RETOUR DE L’OR DANS LE SYSTÈME MONÉTAIRE MONDIAL ?

Jacques Garello


Jeudi 12 novembre, le cours de l’or a atteint à Londres un pic spectaculaire : 1.123 dollars l’once. A titre de comparaison, quand le système monétaire a été reconstruit à Bretton Woods à la fin de la deuxième guerre mondiale, la parité officielle était de 35 dollars l’once !

La hausse actuelle ne doit rien au hasard, elle est le résultat d’achats massifs par des banques centrales ou des banques commerciales, qui ont converti en or une partie importante des dollars qu’elles détenaient. Cette tendance est visible dans diverses régions du monde : l’Asie du Sud Est par priorité (Inde et Sri Lanka), mais aussi le Canada, les pays du Golfe, ou la zone pacifique, bien que la Chine, pays le plus gros porteur de billets verts (900 milliards de dollars dont 700 milliards de Bons du Trésor américain suivant les estimations) ne semble pas vouloir restructurer ses actifs bancaires.

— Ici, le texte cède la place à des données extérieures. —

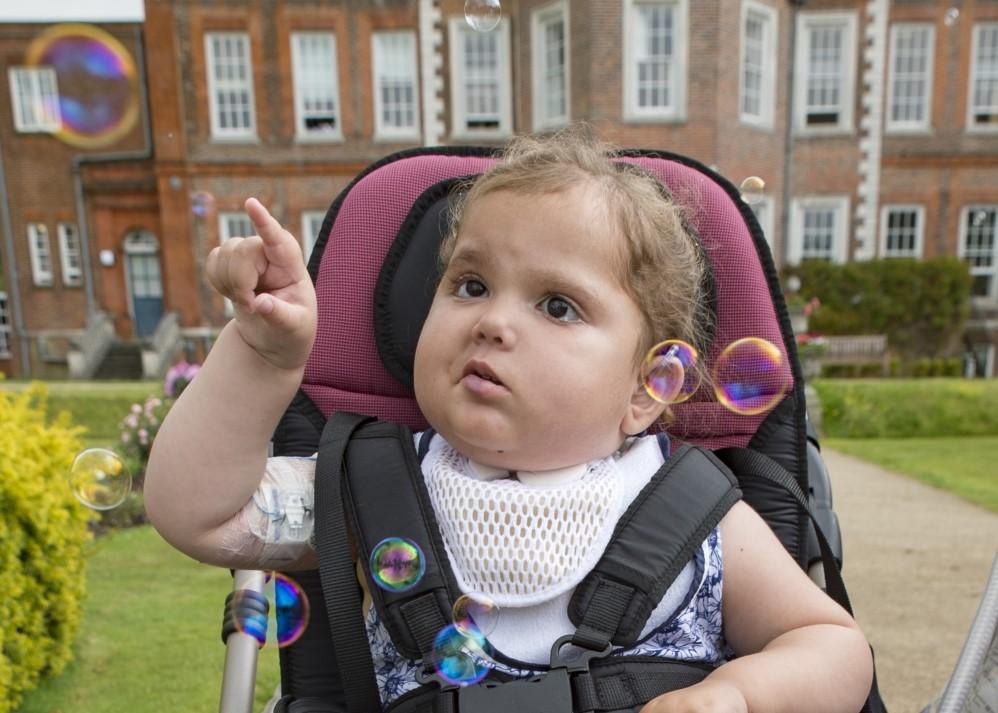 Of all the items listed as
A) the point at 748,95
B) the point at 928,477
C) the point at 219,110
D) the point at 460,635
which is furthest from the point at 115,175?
the point at 460,635

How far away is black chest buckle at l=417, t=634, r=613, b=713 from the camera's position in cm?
101

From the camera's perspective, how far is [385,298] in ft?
5.00

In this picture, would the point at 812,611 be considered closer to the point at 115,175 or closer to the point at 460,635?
the point at 460,635

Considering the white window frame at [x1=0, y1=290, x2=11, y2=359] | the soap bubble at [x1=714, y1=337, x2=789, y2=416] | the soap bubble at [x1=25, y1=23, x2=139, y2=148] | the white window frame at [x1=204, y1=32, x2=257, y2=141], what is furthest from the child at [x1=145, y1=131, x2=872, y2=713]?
the white window frame at [x1=0, y1=290, x2=11, y2=359]

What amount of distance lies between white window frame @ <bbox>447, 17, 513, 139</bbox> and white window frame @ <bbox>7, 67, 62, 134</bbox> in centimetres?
879

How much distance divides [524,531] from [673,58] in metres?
12.3

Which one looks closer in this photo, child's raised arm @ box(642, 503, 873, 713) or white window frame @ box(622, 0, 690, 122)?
child's raised arm @ box(642, 503, 873, 713)

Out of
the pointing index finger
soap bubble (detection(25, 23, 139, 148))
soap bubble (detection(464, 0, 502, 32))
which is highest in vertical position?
soap bubble (detection(25, 23, 139, 148))

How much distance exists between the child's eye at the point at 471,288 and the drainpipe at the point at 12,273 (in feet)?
57.7

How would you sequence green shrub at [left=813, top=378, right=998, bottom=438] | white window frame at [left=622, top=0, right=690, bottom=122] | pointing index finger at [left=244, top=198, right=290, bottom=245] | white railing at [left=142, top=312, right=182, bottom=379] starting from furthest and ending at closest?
white railing at [left=142, top=312, right=182, bottom=379]
white window frame at [left=622, top=0, right=690, bottom=122]
green shrub at [left=813, top=378, right=998, bottom=438]
pointing index finger at [left=244, top=198, right=290, bottom=245]

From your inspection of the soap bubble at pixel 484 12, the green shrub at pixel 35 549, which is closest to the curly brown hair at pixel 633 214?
the soap bubble at pixel 484 12

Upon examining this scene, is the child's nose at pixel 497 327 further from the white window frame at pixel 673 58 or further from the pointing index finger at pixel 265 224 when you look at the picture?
the white window frame at pixel 673 58

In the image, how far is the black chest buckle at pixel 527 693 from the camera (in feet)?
3.32

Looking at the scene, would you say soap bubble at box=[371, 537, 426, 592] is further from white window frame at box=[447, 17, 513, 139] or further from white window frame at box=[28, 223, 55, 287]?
white window frame at box=[28, 223, 55, 287] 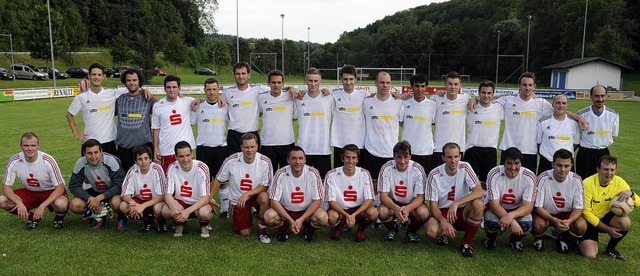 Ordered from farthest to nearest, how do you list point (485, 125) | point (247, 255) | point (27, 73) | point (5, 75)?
point (27, 73)
point (5, 75)
point (485, 125)
point (247, 255)

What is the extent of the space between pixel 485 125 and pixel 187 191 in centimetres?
354

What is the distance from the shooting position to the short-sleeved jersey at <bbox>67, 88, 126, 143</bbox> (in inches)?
225

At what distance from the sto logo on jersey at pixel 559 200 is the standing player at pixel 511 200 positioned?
0.84ft

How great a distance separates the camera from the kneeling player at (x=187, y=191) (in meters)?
4.70

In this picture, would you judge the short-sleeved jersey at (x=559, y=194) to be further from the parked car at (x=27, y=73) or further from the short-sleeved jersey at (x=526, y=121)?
the parked car at (x=27, y=73)

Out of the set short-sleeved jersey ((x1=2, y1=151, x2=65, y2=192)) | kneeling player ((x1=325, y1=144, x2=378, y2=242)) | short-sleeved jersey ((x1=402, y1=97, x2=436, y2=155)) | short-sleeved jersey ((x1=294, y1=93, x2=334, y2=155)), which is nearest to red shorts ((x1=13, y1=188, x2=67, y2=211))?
short-sleeved jersey ((x1=2, y1=151, x2=65, y2=192))

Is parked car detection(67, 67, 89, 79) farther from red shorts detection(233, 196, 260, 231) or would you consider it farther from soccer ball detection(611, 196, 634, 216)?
soccer ball detection(611, 196, 634, 216)

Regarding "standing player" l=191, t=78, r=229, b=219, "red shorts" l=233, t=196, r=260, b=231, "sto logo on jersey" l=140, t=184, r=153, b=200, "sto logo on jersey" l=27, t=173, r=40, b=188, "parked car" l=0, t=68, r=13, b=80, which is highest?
"parked car" l=0, t=68, r=13, b=80

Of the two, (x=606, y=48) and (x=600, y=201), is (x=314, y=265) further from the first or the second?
(x=606, y=48)

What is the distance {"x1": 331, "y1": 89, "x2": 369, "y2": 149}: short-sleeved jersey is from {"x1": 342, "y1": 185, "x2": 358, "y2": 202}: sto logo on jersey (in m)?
0.85

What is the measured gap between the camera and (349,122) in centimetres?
546

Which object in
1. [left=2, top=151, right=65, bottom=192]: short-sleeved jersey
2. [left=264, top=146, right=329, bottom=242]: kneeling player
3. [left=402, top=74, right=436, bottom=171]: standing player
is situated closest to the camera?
[left=264, top=146, right=329, bottom=242]: kneeling player

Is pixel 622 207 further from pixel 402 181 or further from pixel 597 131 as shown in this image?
pixel 402 181

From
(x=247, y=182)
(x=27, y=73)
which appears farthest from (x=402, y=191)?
(x=27, y=73) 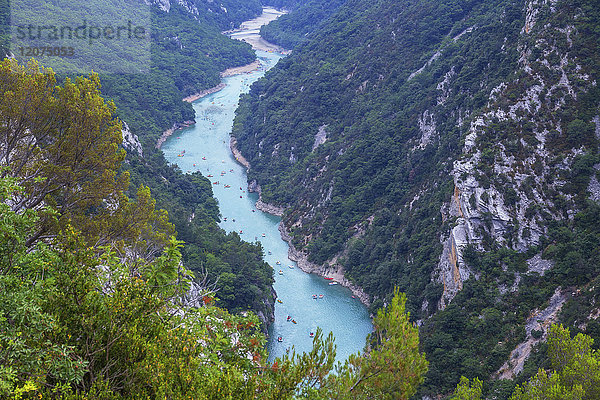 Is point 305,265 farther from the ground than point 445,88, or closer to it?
closer to it

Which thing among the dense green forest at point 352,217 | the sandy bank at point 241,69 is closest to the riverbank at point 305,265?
the dense green forest at point 352,217

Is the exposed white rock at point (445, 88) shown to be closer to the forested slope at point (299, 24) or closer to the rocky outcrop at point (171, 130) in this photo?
the rocky outcrop at point (171, 130)

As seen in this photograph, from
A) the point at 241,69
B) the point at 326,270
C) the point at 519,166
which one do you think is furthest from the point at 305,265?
the point at 241,69

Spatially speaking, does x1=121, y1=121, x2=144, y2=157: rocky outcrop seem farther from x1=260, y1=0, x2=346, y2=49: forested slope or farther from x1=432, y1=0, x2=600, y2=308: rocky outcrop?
x1=260, y1=0, x2=346, y2=49: forested slope

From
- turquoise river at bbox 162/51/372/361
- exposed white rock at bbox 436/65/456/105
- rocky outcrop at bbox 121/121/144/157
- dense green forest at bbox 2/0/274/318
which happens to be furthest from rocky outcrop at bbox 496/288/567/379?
rocky outcrop at bbox 121/121/144/157

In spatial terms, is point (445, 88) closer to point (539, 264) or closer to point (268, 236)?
point (539, 264)

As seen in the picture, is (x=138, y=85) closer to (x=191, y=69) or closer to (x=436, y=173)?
(x=191, y=69)

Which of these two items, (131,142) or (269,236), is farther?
(269,236) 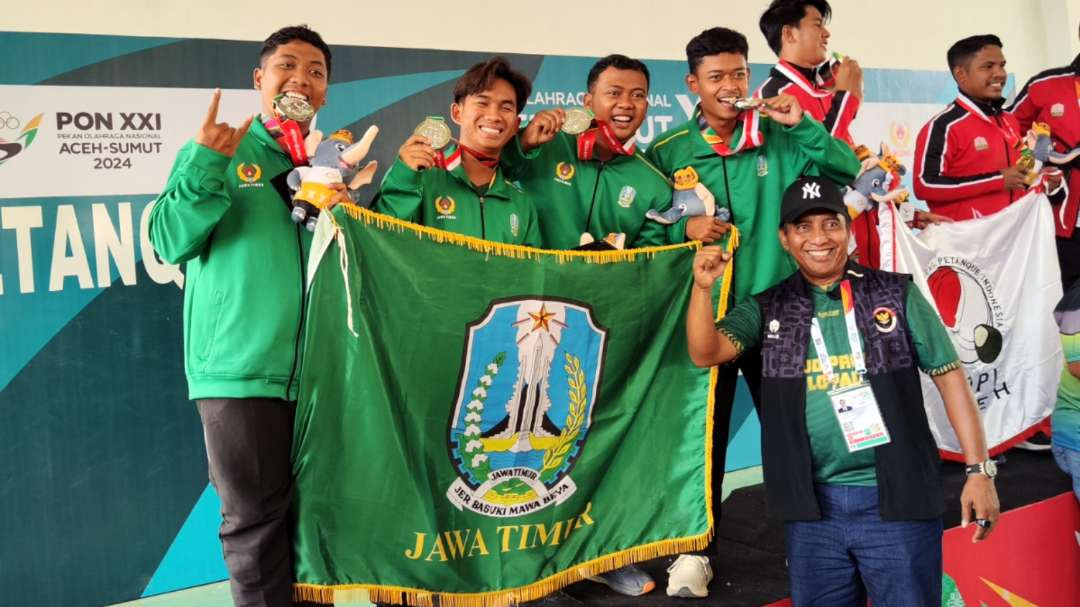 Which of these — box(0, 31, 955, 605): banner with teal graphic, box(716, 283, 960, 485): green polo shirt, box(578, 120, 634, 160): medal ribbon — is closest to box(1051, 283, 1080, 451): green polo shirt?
box(716, 283, 960, 485): green polo shirt

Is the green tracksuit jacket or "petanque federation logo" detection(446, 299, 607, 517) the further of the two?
"petanque federation logo" detection(446, 299, 607, 517)

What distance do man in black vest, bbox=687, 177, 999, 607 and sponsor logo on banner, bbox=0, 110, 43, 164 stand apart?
7.75 ft

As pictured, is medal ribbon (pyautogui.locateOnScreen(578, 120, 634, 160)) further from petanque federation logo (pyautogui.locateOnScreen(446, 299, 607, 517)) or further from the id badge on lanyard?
the id badge on lanyard

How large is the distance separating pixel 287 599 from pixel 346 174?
0.97 meters

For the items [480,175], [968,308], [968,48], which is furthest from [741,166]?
[968,48]

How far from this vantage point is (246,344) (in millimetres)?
2107

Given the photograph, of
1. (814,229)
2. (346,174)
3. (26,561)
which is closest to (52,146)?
(26,561)

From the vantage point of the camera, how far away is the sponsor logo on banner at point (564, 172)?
2772 millimetres

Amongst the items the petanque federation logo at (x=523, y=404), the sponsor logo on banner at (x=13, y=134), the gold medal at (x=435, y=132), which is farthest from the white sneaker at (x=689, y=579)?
the sponsor logo on banner at (x=13, y=134)

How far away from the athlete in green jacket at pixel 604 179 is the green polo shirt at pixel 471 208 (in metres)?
0.17

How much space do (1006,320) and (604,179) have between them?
7.32ft

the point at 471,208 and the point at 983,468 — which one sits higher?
the point at 471,208

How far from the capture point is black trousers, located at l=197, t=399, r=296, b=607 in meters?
2.10

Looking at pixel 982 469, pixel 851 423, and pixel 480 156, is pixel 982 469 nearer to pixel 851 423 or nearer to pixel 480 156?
pixel 851 423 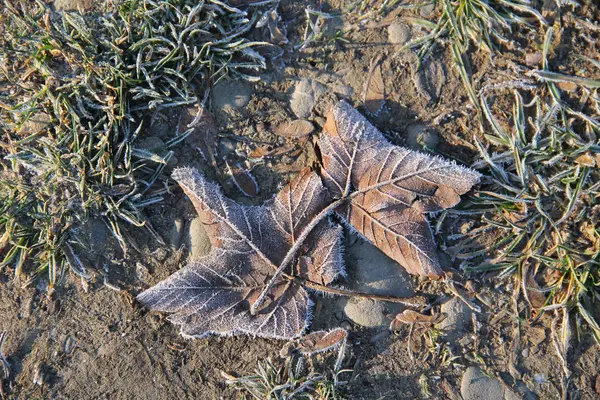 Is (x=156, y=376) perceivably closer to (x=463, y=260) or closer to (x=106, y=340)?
(x=106, y=340)

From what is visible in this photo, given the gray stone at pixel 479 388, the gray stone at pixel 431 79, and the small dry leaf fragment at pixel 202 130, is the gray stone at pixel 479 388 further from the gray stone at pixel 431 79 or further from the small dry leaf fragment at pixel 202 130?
the small dry leaf fragment at pixel 202 130

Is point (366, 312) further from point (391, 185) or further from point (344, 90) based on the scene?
point (344, 90)

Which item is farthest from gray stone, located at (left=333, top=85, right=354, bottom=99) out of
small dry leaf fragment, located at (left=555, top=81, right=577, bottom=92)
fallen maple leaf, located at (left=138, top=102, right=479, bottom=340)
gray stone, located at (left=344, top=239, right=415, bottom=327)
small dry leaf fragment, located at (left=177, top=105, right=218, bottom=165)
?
small dry leaf fragment, located at (left=555, top=81, right=577, bottom=92)

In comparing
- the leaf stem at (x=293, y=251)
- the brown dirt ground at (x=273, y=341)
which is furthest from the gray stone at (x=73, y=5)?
the leaf stem at (x=293, y=251)

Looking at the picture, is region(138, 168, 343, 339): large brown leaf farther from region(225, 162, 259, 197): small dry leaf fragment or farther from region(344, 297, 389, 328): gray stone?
Result: region(344, 297, 389, 328): gray stone

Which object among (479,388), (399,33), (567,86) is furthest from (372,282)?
(567,86)

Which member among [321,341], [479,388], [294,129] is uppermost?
[294,129]

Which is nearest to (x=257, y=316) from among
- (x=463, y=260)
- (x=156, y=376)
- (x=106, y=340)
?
(x=156, y=376)

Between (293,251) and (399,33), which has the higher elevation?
(399,33) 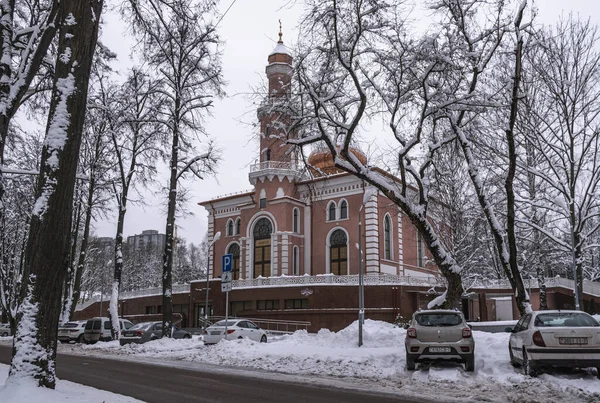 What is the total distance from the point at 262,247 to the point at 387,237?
34.8 ft

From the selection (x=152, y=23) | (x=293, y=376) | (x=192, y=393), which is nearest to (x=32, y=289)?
(x=192, y=393)

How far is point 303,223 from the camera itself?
4547cm

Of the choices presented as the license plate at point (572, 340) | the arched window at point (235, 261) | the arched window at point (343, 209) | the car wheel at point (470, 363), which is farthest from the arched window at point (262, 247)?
the license plate at point (572, 340)

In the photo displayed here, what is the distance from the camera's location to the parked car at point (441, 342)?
43.1 ft

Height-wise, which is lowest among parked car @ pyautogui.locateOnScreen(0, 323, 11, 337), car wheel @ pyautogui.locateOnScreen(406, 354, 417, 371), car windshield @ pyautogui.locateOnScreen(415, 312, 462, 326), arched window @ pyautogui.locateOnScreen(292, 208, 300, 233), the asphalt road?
parked car @ pyautogui.locateOnScreen(0, 323, 11, 337)

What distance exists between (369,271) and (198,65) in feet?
70.5

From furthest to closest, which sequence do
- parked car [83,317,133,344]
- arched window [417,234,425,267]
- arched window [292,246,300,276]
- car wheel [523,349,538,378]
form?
1. arched window [417,234,425,267]
2. arched window [292,246,300,276]
3. parked car [83,317,133,344]
4. car wheel [523,349,538,378]

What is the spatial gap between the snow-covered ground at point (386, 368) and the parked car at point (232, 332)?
143 cm

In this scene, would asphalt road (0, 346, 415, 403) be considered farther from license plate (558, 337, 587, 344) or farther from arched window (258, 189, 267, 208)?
arched window (258, 189, 267, 208)

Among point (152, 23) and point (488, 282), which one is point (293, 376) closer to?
point (152, 23)

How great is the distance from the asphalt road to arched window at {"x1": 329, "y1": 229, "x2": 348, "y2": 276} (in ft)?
92.1

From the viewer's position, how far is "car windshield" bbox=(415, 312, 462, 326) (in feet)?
44.6

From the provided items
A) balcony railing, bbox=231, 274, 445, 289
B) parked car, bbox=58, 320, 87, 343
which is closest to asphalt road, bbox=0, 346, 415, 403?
parked car, bbox=58, 320, 87, 343

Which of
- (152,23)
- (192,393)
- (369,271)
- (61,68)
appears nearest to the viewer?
(61,68) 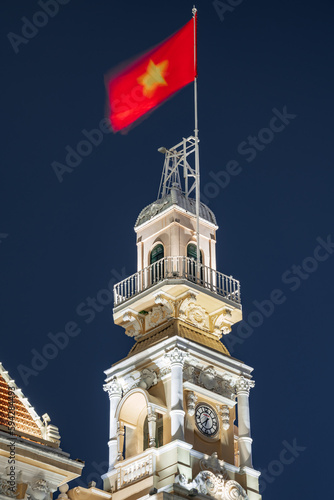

La méfiance à l’égard du dollar n’est pas nouvelle. Les estimations de la Barclays au 15 octobre mesuraient que les banques s’étaient délestées de 63% de leurs liquidités en dollars pour leur substituer de l’euro ou du yen. Traditionnellement, le dollar représentait les deux tiers des réserves bancaires du monde entier, il n’en représente plus aujourd’hui que 37%. La chute est donc vertigineuse.

L’élément nouveau est cependant la récente faveur dont jouit le métal jaune. Serait-on en train de retourner à l’étalon-or ou au Gold Exchange Standard (étalon change or) ?

Il n’en est absolument pas question. L’or a été démonétisé depuis août 1971, quand la dernière banque centrale dont la monnaie était liée à l’or, la FED américaine précisément, a cessé de fixer un taux officiel or-dollar (on était déjà bien loin des 35 dollars l’once, on évoluait autour de 200 dollars). De ce jour, l’or a été ramené au rang de simple « métal précieux », de moins en moins utilisé pour constituer des réserves bancaires, et redevenu un simple métal précieux à usage industriel. Progressivement les banques ont vendu leur stock d’or, qui s’est donc retrouvé dans les actifs de particuliers ou d’entreprises.

Marchandise comme une autre, l’or bénéficie pourtant de certaines qualités économiques spécifiques. De son glorieux passé, l’or a gardé la cotation dans toutes les bourses du monde. Sans doute d’autres marchandises sont-elles objets de cotation permanente (le cuivre, le nickel, le cacao ou le café par exemple), mais peu de marchandises ont une valeur relativement stable et, surtout, une organisation de leur marché aussi souple et efficace. Des arbitrages sont possibles d’une place boursière à une autre, de sorte qu’on peut connaître à tout instant le prix du lingot dans le monde entier. L’or est donc toujours une valeur à grande « liquidité » : on peut en connaître et en récupérer la contre-valeur à tout moment, il ne manquera pas de personnes intéressées à vendre ou acheter. Mais l’or est un placement, un avoir, et pas une monnaie de paiement.

Il y a peu de chance qu’il le redevienne, en dépit des partisans d’un retour à l’étalon-or (dont le plus talentueux a été sans aucun doute Jacques Rueff). Il en est ainsi pour deux raisons. D’une part, la production d’or est concentrée entre les mains de deux grands pays Russie et Afrique du Sud, et ils occuperaient à nouveau une position dominante sur le marché (ils ne s’en sont pas privés pendant le système de Bretton Woods et le cours commercial de l’or n’a cessé de faire le yo yo). D’autre part, l’étalon-or repose sur la discipline et l’honnêteté des banques centrales et des gouvernements qui sont derrière elles. Dans le système de Bretton Woods, les pays s’engageaient à ne pas dévaluer (c'est-à-dire modifier unilatéralement la parité de leur monnaie nationale en or). Mais aucun n’a tenu sa promesse, et les Etats-Unis eux-mêmes, pourtant piliers du système, l’ont finalement fait exploser. Le système des taux fixes, avec une parité officielle entre monnaies par l’intermédiaire de leur valeur en or, a montré son inefficacité dans un contexte où les Etats gardent leur souveraineté monétaire. La concurrence entre monnaies avec des taux de change variables, fixés sur un marché libre, est réellement bien supérieur, en attendant la seule grande réforme du système monétaire mondial : la privatisation des monnaies.